This module takes the user provided reset signal as input and generates the global system reset signal. The attached sensor with the kill-switch module generates the kill trigger signal which acts as the trigger of the kill-switch module. Whenever the sensor observes any abnormal environmental condition, the kill trigger signal goes high and triggers the kill-switch module. In normal condition when the kill trigger signal is low, global system reset signal is same as the user provided reset signal. However, once the kill trigger signal becomes high, the global reset signal is over written by the kill signal which forces the device into a permanent state of reset. Thus, the circuit is bricked, upon sensing a hostile condition. This deadlock can only broken by removing the abnormal environmental condition and reconfiguring the FPGA with bit-stream again. The abnormal environmental condition can occur due to various reason. Apart from high supply voltage and high temperature variation, the sensor can be configured to sense the presence of side-channel probing equipment like [25]. Thus, with a well-designed sensor, the kill-switch module can even protect the system from side-channel attacks.

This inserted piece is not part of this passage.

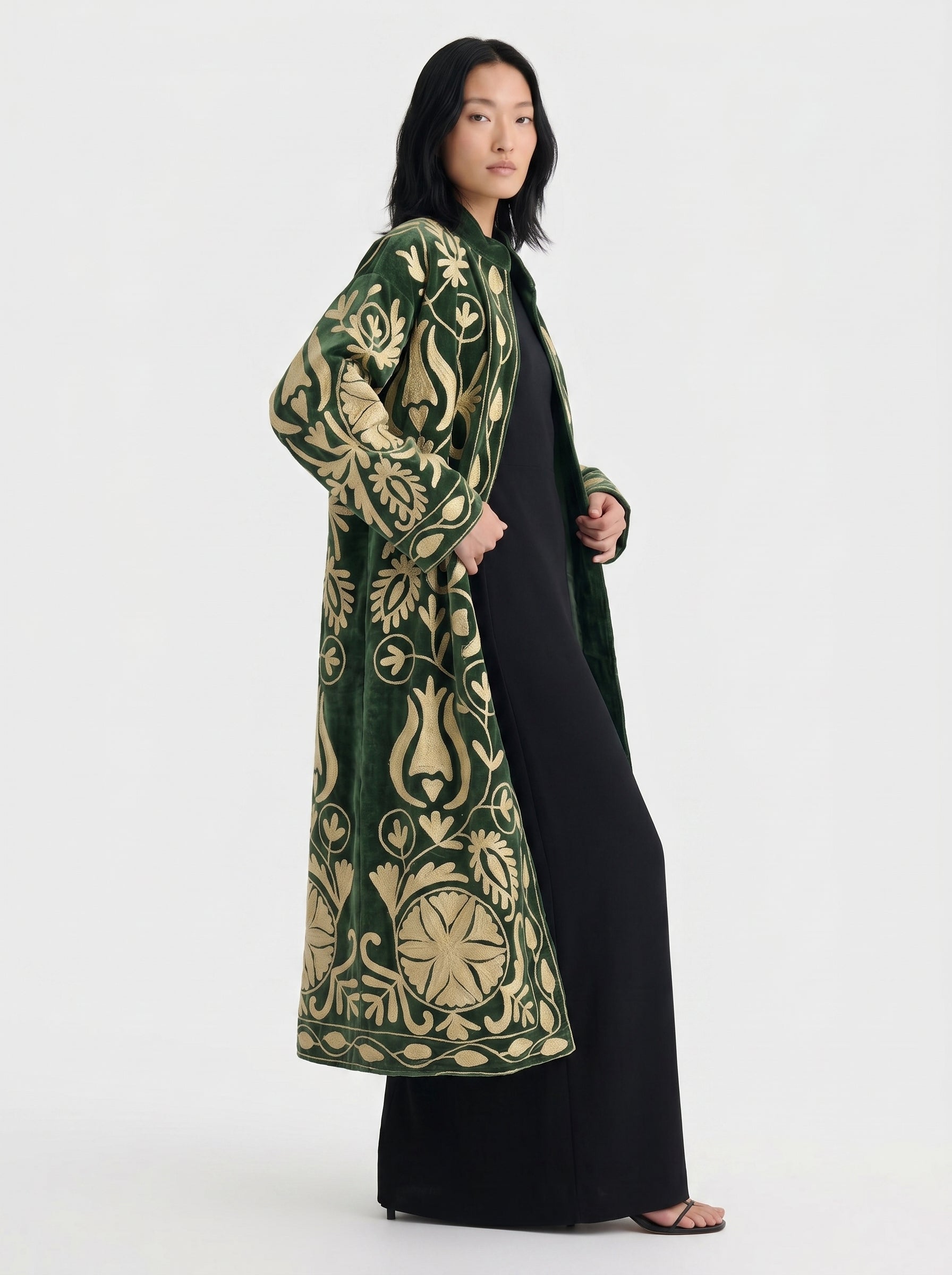Forest Green Tulip Velvet Suzani Coat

The detailed operation of the kill-switch module is described in Figs. 15 and 16. refers to the kill-switch configuration in the triggered state. In normal condition (see Fig. 15), the truth table mapping of the RLUT (INIT or LUT contents) is set to 0x80000000 and the all the five input pins (I0I4) are set to 1. Hence the output of the the RLUT is always 1. This make the \(\overline {kill\_signal}\) to 1 and thus the global system reset signal same as the user provided reset signal. Under hostile condition, when the kill trigger signal is set by the sensor (see Fig. 16), INIT(LUT contents) value gets modified from 0x80000000 to 0x00000000 in a single clock cycle. This makes the output of the RLUT 0, consequently assigning a permanent 0 to the global reset signal. Here we are assuming that the reset condition of the circuit is active low. If the reset of the circuit is active high, the reset polarity must be adjusted accordingly. The RLUT connections are such hard coded that it is not possible to alter it-s value once triggered by the sensor. The only way to make the circuit functional is by reconfiguring the netlist.

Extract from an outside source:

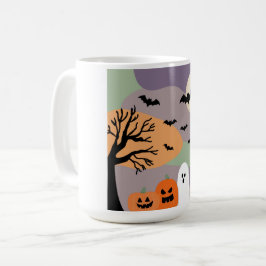 Almofada noite de halloween abóboras e fantasmas kaffeetasse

The overhead of the entire kill-switch module is only one RLUT and one multiplexer. The multiplexer, shown in Figs. 15 and 16 can also be implemented on the multiplexers present in CLB. Moreover, the design does not have any timing overhead, making it extremely efficient.
Fig. 15

Kill Switch in Normal Condition

Fig. 16

Kill Switch in Triggered Condition

5 Conclusions

Due to the recent progress in performance of modern FPGAs, they are getting integrated in many security-critical applications. Hence, a comprehensive security analysis of modern FPGAs and their’s advanced feature is of paramount importance. In this paper we have analyzed a particular feature of modern FPGA and proposed new design methodologies which can impact the security of the embedded system both positively and negatively. This feature which allows run-time reconfiguration of LUT, provides a unique opportunity for a designer to come up with novel and efficient design strategies for cryptographic implementations using RLUTs. We proposed few such design strategies in this paper from the point of view of both constructive and destructive applications.

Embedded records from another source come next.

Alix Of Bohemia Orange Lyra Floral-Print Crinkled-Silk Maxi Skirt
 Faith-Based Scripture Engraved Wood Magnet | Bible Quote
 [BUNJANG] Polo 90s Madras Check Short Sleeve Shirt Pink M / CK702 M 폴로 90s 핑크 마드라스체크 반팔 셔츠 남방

First, it has been shown that the RLUT can be used by an attacker to create Hardware Trojans. Indeed the payload of stealthy Trojans can be inserted easily in IP by untrusted vendors. The Trojans can be used to inject faults or modify the control signals in order to facilitate the key extraction. This is illustrated by a few examples of Trojans in AES. Run-time reconfiguration of RLUTs allows the Trojan payload to be extremely lightweight, making the Trojan detection extremely difficult in absence of golden model. Second the protective property of RLUT has been illustrated by increasing the resiliency of the Sboxes of cryptographic algorithms. This is accomplished either by changing dynamically the Sboxes of customized algorithms or scrambling the Sboxes of standard algorithms. These type of design techniques are extremely useful for lightweight block ciphers with Sbox of smaller dimension. Moreover, generating Sboxes in run-time is an attractive design choice for the designer employing ciphers with secret Sboxes. Low area and nearly negligible timing overhead of these solutions make them highly attractive for IoT applications. The effectiveness of RLUT based Sbox scrambling methodology has been verified by leaking detection TVLA on hardware implementation of cipher PRESENT. The result shows clear improvement of side channel resistance compared to unprotected PRESENT. Moreover, in this paper we proposed non-proprietary kill-switch design methodology using RLUT and can be easily integrated with third party IP designs.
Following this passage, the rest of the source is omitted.